[Task inputs — start]
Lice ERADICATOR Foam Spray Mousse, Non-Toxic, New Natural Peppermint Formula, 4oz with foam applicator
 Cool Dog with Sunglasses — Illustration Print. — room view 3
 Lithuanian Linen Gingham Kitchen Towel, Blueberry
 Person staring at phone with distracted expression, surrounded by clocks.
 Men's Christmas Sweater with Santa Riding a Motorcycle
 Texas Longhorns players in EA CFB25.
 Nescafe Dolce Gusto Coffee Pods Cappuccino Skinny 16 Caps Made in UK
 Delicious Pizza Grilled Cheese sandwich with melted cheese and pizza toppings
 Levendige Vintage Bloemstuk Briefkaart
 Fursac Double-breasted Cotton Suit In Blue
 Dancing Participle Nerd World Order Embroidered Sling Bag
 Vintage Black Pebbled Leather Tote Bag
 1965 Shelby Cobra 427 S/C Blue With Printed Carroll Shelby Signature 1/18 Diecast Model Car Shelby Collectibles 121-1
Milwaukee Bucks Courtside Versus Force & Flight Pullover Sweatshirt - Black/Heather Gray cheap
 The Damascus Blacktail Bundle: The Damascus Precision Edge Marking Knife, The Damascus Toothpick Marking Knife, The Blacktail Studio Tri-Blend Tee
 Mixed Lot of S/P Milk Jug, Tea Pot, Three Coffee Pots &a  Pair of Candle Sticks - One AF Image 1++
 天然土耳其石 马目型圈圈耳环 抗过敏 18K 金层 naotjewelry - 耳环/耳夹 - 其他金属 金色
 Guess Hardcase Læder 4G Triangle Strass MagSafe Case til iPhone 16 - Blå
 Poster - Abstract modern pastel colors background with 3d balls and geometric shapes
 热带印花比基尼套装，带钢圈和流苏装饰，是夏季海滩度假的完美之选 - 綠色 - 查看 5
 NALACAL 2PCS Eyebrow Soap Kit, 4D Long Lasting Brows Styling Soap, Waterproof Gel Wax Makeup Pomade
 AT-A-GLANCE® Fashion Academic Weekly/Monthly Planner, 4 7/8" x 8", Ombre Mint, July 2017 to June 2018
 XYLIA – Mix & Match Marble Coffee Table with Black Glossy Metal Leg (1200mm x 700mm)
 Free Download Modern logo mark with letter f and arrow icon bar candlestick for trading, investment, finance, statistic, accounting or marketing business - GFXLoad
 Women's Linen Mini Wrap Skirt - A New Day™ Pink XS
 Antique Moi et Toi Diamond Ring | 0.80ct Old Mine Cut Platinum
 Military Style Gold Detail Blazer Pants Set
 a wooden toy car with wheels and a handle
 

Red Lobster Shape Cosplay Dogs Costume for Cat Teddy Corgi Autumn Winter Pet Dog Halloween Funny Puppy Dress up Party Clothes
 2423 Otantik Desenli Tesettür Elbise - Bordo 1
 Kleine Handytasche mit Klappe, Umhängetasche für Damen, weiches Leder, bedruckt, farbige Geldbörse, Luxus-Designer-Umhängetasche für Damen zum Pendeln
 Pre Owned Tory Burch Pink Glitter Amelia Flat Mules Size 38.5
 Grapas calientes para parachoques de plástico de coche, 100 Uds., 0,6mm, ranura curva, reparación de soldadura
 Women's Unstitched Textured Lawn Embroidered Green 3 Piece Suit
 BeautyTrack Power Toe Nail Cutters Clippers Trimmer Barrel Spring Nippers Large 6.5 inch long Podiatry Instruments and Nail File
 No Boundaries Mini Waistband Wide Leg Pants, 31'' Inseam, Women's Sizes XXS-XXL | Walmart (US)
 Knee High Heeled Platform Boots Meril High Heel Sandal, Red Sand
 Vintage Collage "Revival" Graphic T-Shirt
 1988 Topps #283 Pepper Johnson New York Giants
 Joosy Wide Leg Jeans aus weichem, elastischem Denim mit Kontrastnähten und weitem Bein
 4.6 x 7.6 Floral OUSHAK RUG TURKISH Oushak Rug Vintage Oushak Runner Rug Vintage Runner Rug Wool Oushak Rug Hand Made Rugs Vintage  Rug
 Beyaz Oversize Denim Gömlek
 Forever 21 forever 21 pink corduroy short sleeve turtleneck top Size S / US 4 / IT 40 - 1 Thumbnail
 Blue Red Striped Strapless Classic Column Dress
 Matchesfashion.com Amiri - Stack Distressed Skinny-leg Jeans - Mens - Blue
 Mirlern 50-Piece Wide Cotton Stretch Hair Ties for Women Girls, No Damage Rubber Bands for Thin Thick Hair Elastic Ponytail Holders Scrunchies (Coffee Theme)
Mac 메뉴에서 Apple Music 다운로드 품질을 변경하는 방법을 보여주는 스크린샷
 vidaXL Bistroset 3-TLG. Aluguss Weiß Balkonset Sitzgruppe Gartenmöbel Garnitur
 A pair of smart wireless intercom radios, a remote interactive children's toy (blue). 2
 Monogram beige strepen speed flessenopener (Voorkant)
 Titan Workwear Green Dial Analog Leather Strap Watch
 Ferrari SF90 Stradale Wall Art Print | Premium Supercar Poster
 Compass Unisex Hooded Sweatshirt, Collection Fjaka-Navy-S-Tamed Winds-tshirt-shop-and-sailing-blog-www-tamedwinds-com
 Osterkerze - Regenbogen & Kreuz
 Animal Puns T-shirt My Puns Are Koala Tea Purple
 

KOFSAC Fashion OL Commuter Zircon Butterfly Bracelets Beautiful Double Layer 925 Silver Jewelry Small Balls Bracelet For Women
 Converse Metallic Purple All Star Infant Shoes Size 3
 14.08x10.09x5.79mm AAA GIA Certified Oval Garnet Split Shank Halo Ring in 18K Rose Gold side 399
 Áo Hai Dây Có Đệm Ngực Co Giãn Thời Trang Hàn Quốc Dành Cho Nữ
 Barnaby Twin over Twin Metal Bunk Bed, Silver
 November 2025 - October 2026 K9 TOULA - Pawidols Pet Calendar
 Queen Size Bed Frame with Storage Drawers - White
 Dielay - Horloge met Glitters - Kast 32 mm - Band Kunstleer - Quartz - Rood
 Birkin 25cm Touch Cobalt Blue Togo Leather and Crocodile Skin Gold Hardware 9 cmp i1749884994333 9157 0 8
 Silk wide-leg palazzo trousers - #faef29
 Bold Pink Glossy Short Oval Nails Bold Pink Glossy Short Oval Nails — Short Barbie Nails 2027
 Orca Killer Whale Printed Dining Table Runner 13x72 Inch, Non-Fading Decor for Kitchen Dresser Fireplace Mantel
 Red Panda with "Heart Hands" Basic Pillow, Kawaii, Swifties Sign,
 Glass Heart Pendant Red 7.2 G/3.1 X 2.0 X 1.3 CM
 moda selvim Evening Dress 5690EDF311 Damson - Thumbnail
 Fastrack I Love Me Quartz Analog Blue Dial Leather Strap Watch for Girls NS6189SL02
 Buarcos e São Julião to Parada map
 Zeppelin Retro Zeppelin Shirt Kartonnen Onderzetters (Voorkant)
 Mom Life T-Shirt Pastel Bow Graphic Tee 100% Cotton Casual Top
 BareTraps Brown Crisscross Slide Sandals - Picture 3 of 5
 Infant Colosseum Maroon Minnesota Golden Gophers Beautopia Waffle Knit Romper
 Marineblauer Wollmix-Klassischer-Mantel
[Task inputs — finish]
Task instructions |
In the entries above, find the line holding "No Boundaries Mini" and the line holding "Silk wide-leg palazzo trousers - #faef29", then retype exactly those two lines and every line between them, and nothing else.

Result of this task |
 No Boundaries Mini Waistband Wide Leg Pants, 31'' Inseam, Women's Sizes XXS-XXL | Walmart (US)
 Knee High Heeled Platform Boots Meril High Heel Sandal, Red Sand
 Vintage Collage "Revival" Graphic T-Shirt
 1988 Topps #283 Pepper Johnson New York Giants
 Joosy Wide Leg Jeans aus weichem, elastischem Denim mit Kontrastnähten und weitem Bein
 4.6 x 7.6 Floral OUSHAK RUG TURKISH Oushak Rug Vintage Oushak Runner Rug Vintage Runner Rug Wool Oushak Rug Hand Made Rugs Vintage  Rug
 Beyaz Oversize Denim Gömlek
 Forever 21 forever 21 pink corduroy short sleeve turtleneck top Size S / US 4 / IT 40 - 1 Thumbnail
 Blue Red Striped Strapless Classic Column Dress
 Matchesfashion.com Amiri - Stack Distressed Skinny-leg Jeans - Mens - Blue
 Mirlern 50-Piece Wide Cotton Stretch Hair Ties for Women Girls, No Damage Rubber Bands for Thin Thick Hair Elastic Ponytail Holders Scrunchies (Coffee Theme)
Mac 메뉴에서 Apple Music 다운로드 품질을 변경하는 방법을 보여주는 스크린샷
 vidaXL Bistroset 3-TLG. Aluguss Weiß Balkonset Sitzgruppe Gartenmöbel Garnitur
 A pair of smart wireless intercom radios, a remote interactive children's toy (blue). 2
 Monogram beige strepen speed flessenopener (Voorkant)
 Titan Workwear Green Dial Analog Leather Strap Watch
 Ferrari SF90 Stradale Wall Art Print | Premium Supercar Poster
 Compass Unisex Hooded Sweatshirt, Collection Fjaka-Navy-S-Tamed Winds-tshirt-shop-and-sailing-blog-www-tamedwinds-com
 Osterkerze - Regenbogen & Kreuz
 Animal Puns T-shirt My Puns Are Koala Tea Purple
 

KOFSAC Fashion OL Commuter Zircon Butterfly Bracelets Beautiful Double Layer 925 Silver Jewelry Small Balls Bracelet For Women
 Converse Metallic Purple All Star Infant Shoes Size 3
 14.08x10.09x5.79mm AAA GIA Certified Oval Garnet Split Shank Halo Ring in 18K Rose Gold side 399
 Áo Hai Dây Có Đệm Ngực Co Giãn Thời Trang Hàn Quốc Dành Cho Nữ
 Barnaby Twin over Twin Metal Bunk Bed, Silver
 November 2025 - October 2026 K9 TOULA - Pawidols Pet Calendar
 Queen Size Bed Frame with Storage Drawers - White
 Dielay - Horloge met Glitters - Kast 32 mm - Band Kunstleer - Quartz - Rood
 Birkin 25cm Touch Cobalt Blue Togo Leather and Crocodile Skin Gold Hardware 9 cmp i1749884994333 9157 0 8
 Silk wide-leg palazzo trousers - #faef29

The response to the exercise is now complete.